Phil Hoad 

Intercepted review – phone taps are a chilling glimpse into Russian soldiers’ minds in Ukraine

Recordings of fighters’ wiretapped phone calls are juxtaposed with images of wartime destruction in Oksana Karpovych’s compelling war documentary
  
  

A bombed-out room with curtains blowing in the wind
Imperialism and aggression … Intercepted. Photograph: Christopher Nunn

Vietnam saw the advent of the visible war, documented by TV cameras; but the Russia-Ukraine war perhaps represents the moment we also get a fully audible one. With two relatively affluent belligerents involved, mobile phone coverage is ubiquitous on both the civilian and soldier sides. Juxtaposing intercepted calls back home from frontline Russian troops with shots of the devastation they have wreaked in Ukraine, this film is a bleak and searing wiretap into Putin’s warping effect on his people and the psychology of power.

“A Russian is not a Russian if they don’t steal something,” jokes one woman when she hears her brave boy has looted some makeup for her. Set against the shots of ransacked living rooms, wrecked petrol stations and dimly lit bomb shelters, such casual banter hammers home a chilling normalisation of imperialism and aggression – which comes with varying justifications. There is the standard dehumanisation: that the “khokhols” (a derogatory Russian term for Ukrainians) deserve it. Many parrot Putin’s line that the special military operation is fighting fascists. Or, in some troops’ amazement at Ukrainian ice-cream and abundant livestock, we glimpse an economic envy that lets such lies slip down more easily.

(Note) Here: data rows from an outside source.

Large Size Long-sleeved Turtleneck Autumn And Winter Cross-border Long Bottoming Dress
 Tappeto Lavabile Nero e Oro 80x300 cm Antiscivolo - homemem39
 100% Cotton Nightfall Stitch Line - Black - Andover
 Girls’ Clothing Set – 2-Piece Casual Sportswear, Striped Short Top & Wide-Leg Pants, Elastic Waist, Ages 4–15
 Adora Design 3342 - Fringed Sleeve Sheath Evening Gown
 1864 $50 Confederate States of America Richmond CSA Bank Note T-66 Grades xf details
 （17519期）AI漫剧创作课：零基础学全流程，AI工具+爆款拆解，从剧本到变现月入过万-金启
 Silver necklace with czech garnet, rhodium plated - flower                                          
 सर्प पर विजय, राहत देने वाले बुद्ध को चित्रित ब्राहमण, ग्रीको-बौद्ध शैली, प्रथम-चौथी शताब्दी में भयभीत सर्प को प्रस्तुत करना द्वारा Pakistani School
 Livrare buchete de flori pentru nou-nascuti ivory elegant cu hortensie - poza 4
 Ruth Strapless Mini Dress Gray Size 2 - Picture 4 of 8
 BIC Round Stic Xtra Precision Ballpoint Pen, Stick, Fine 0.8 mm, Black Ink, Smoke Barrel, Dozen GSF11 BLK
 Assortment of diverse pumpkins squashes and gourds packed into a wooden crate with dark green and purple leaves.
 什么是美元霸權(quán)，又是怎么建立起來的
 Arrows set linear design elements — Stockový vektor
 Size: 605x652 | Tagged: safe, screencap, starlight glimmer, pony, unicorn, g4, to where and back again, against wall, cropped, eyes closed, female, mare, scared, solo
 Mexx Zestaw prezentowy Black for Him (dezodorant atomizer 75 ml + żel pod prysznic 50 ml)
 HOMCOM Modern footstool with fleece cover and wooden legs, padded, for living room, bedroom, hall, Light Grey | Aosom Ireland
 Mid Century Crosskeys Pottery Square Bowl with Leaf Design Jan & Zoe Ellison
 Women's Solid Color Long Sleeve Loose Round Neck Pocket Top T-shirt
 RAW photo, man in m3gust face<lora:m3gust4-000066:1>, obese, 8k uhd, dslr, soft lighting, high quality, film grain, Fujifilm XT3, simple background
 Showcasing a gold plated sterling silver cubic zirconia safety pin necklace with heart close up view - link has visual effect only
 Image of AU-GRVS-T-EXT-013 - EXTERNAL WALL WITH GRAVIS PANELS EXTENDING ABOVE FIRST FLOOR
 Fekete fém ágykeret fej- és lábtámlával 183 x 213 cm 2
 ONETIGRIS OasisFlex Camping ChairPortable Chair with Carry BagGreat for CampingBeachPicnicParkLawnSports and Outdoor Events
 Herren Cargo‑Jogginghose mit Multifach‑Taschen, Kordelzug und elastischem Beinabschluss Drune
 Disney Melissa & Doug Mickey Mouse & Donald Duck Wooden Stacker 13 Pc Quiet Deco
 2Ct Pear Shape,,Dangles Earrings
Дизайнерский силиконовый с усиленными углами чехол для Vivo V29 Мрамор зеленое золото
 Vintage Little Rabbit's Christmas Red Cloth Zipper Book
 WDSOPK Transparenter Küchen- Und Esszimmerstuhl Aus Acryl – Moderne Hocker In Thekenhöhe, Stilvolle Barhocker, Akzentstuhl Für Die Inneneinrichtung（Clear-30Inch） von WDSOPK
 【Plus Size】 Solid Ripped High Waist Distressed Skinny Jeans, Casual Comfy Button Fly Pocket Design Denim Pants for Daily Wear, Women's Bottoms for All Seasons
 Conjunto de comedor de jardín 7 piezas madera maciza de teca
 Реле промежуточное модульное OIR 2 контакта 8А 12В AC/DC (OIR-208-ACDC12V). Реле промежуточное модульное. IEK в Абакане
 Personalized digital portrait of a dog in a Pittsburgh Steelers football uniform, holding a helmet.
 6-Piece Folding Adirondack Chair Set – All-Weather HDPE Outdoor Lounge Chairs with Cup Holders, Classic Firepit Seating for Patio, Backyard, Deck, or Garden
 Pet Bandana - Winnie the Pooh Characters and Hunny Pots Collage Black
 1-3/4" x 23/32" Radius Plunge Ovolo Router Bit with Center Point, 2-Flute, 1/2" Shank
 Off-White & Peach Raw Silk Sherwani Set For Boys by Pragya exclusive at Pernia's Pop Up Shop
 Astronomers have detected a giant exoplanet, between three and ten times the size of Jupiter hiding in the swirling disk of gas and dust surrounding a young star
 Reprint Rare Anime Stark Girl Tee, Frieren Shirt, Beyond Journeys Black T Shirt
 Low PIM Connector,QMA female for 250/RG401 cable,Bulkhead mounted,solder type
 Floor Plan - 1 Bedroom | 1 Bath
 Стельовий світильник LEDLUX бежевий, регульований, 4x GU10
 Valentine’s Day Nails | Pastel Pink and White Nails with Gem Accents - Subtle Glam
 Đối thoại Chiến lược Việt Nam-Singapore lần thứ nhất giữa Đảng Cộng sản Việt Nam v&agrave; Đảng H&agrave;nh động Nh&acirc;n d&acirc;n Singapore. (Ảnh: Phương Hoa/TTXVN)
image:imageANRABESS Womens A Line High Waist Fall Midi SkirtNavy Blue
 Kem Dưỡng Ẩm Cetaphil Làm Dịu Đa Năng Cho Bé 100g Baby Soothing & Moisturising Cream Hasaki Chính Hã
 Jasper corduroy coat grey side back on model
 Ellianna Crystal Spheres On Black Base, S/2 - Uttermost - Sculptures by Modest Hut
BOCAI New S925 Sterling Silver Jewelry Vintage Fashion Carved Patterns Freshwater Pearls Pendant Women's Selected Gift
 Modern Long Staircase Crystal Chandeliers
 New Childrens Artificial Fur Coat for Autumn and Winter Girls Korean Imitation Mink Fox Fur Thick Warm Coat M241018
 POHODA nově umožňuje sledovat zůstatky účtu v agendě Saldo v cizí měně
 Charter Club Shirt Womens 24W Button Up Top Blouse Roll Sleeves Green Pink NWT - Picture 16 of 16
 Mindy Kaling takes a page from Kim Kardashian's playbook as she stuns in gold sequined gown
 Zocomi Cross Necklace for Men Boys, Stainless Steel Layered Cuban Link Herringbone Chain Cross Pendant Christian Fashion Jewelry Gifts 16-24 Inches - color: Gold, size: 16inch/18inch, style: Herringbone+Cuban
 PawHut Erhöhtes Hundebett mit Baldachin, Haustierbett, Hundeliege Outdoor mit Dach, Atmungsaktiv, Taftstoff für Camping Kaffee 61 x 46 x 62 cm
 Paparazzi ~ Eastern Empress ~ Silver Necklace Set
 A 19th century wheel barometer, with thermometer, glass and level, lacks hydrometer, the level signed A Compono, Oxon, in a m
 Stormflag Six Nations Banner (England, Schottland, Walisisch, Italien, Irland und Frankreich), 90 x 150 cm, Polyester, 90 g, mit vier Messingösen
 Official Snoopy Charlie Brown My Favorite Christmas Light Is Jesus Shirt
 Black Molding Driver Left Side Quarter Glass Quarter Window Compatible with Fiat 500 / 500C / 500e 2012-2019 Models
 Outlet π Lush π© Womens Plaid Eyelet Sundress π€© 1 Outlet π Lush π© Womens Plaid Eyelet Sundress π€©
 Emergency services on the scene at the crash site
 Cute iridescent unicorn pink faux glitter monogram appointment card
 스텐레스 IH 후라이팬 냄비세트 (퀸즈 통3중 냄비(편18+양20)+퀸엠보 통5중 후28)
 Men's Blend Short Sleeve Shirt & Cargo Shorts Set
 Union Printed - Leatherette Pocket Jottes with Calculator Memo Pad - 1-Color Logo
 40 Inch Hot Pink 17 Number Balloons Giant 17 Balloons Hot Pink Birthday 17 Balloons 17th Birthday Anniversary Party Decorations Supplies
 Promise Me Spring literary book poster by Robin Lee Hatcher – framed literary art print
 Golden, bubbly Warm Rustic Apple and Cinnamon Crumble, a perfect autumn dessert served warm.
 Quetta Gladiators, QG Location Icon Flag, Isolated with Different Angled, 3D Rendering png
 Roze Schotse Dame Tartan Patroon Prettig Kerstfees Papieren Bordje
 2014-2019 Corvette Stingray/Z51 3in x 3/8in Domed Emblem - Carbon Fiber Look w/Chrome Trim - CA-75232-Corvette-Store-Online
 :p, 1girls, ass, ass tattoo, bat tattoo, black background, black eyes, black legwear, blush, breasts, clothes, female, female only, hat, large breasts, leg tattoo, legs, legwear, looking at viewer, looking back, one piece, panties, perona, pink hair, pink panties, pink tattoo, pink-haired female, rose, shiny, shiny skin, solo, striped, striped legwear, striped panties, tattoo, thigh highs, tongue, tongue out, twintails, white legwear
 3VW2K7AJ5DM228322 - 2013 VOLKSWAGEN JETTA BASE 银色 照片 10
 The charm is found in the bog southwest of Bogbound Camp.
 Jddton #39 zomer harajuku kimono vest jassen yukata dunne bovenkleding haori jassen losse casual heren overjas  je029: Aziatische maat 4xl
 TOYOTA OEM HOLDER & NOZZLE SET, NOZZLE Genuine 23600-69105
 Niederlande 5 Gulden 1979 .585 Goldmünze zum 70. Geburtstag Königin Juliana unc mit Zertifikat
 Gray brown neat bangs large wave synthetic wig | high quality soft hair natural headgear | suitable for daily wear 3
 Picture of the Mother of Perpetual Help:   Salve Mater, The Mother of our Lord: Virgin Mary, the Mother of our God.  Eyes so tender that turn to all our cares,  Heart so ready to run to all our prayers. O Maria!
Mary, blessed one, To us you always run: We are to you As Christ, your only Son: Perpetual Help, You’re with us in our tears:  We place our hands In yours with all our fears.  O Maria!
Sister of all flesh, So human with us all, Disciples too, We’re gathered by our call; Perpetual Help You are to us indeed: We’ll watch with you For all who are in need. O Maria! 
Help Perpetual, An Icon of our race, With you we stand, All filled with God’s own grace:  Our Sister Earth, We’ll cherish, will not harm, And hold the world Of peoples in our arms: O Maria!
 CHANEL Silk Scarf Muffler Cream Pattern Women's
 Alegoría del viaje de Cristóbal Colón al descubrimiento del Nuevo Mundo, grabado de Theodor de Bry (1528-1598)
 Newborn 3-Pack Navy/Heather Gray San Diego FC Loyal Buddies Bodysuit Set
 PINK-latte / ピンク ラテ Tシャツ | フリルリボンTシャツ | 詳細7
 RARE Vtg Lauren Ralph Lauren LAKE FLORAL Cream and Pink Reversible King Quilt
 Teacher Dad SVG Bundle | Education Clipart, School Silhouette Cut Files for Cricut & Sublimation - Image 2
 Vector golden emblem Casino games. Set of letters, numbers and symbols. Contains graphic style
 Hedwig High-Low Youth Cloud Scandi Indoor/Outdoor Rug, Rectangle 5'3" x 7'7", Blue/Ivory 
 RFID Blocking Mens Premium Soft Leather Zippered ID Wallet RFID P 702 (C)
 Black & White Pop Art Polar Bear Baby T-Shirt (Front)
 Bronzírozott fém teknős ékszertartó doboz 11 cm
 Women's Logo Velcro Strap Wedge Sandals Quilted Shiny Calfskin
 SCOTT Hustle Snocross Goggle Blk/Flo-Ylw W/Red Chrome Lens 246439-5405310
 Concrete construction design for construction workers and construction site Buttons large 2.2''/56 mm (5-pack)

There are dissenters, too. “Putin cares about the land, not the people,” points out one grunt. What is truly chilling is how the largely female listeners on the other end of the line are often more gung-ho than the soldiers. In one horrific segment, another combatant tells his mother about Federal Security Service officers torturing individuals. He confesses to participating in and enjoying this sadism. “If I got there too, I would enjoy it like you,” says Mum. “You and I, we are the same.” With Russian civilians here regularly condoning the murder of their Ukrainian counterparts, it shows how deeply Putin has cankered the body politic.

Amid the thriving micro-industry of documentaries about this conflict, there are, as always, questions to be asked about the purpose and perspective of individual films. Since this one presumably could only have been made with the cooperation of the Ukrainian intelligence services, it’s hard not to wonder about what material was made available to director Oksana Karpovych and what has been made prominent in the edit. Even so, this eavesdropping is totally compelling, often overpowering the visuals the conversations are matched with; a dissonant stratagem that both outlines and pierces the post-truth fog of war.

• Intercepted is at Bertha DocHouse, London, from 21 February, and is available on arte.tv now.